* _Prompt_
Only an exact copy belongs in the answer: the line with "Pro koupelnu zvolili" and every line after it through the end of the records, pictures left out.

(Caption-style text data)
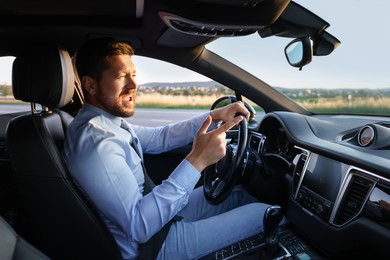 Photo of Man singing in car, view from inside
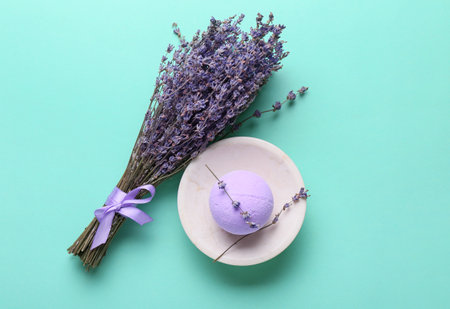 Bowl with bath bomb and lavender flowers on color backgroundの写真素材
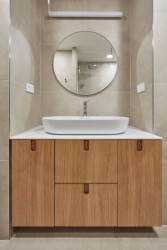 Pro koupelnu zvolili autoři jemné béžové terazzo. Ložnice navazuje na materiály zvolené pro obývací část - dubové dřevo v kombinaci se šedobéžovou. (Rekonstrukce bytu ve Strašnicích, MENU architekti)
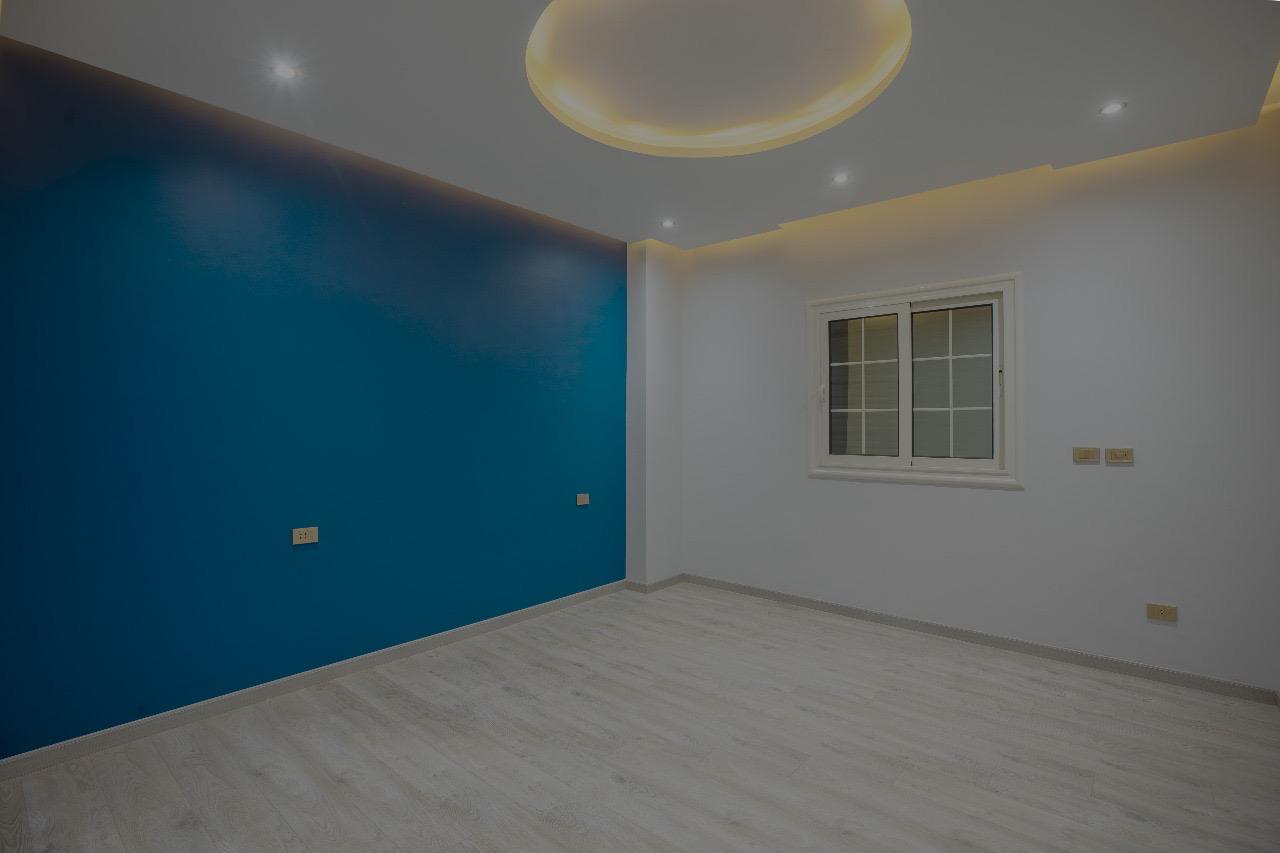 Modern Bedroom with Blue Accent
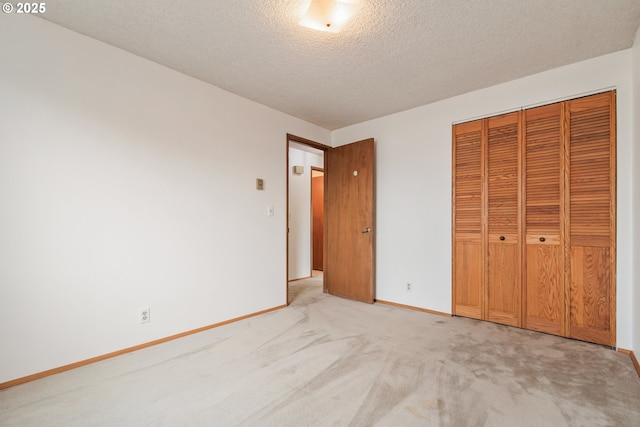 unfurnished bedroom with a textured ceiling, a closet, baseboards, and light colored carpet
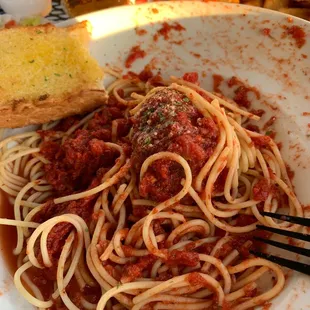 Spaghetti with marinara and meatballs I ate one already so delicious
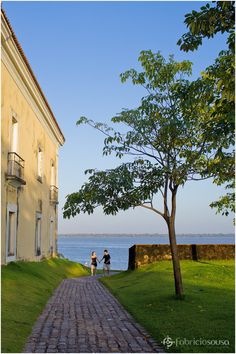 two people walking down a brick path next to a building near the water on a sunny day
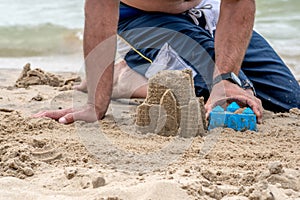 Dad makes a sand castle on the beach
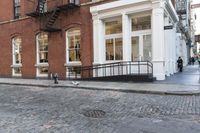 two cats and an umbrella are sitting on the sidewalk in front of a building with doors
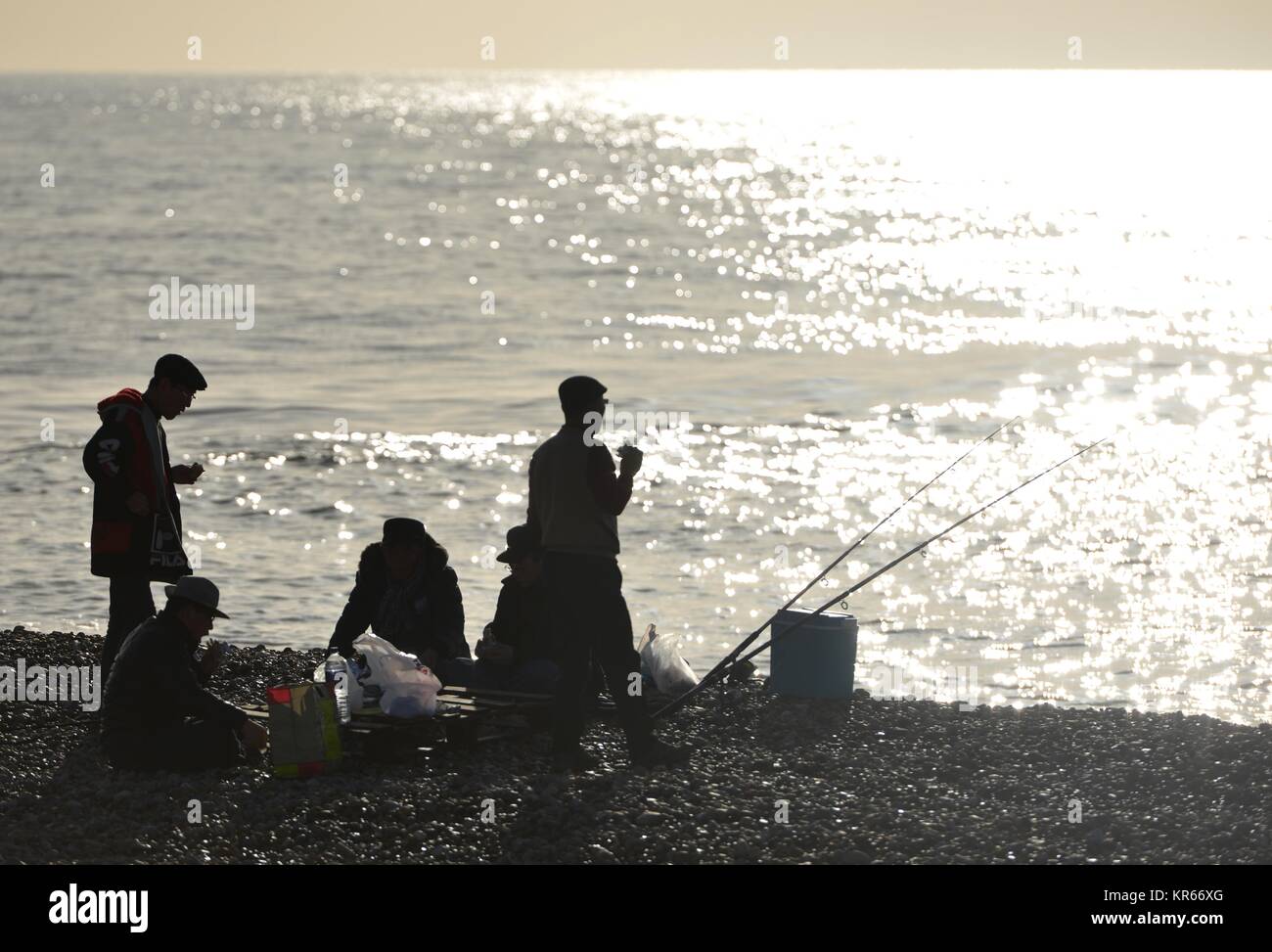 Seaford, East Sussex, UK. 19th Dec, 2017. People enjoying bright winter sunshine on Seaford beach, Eas Sussex. Credit: Peter Cripps/Alamy Live News Stock Photo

* _Answer to this exercise_
 Pro koupelnu zvolili autoři jemné béžové terazzo. Ložnice navazuje na materiály zvolené pro obývací část - dubové dřevo v kombinaci se šedobéžovou. (Rekonstrukce bytu ve Strašnicích, MENU architekti)
 Modern Bedroom with Blue Accent
 unfurnished bedroom with a textured ceiling, a closet, baseboards, and light colored carpet
 Spaghetti with marinara and meatballs I ate one already so delicious
 two people walking down a brick path next to a building near the water on a sunny day
 Dad makes a sand castle on the beach
 two cats and an umbrella are sitting on the sidewalk in front of a building with doors
 Seaford, East Sussex, UK. 19th Dec, 2017. People enjoying bright winter sunshine on Seaford beach, Eas Sussex. Credit: Peter Cripps/Alamy Live News Stock Photo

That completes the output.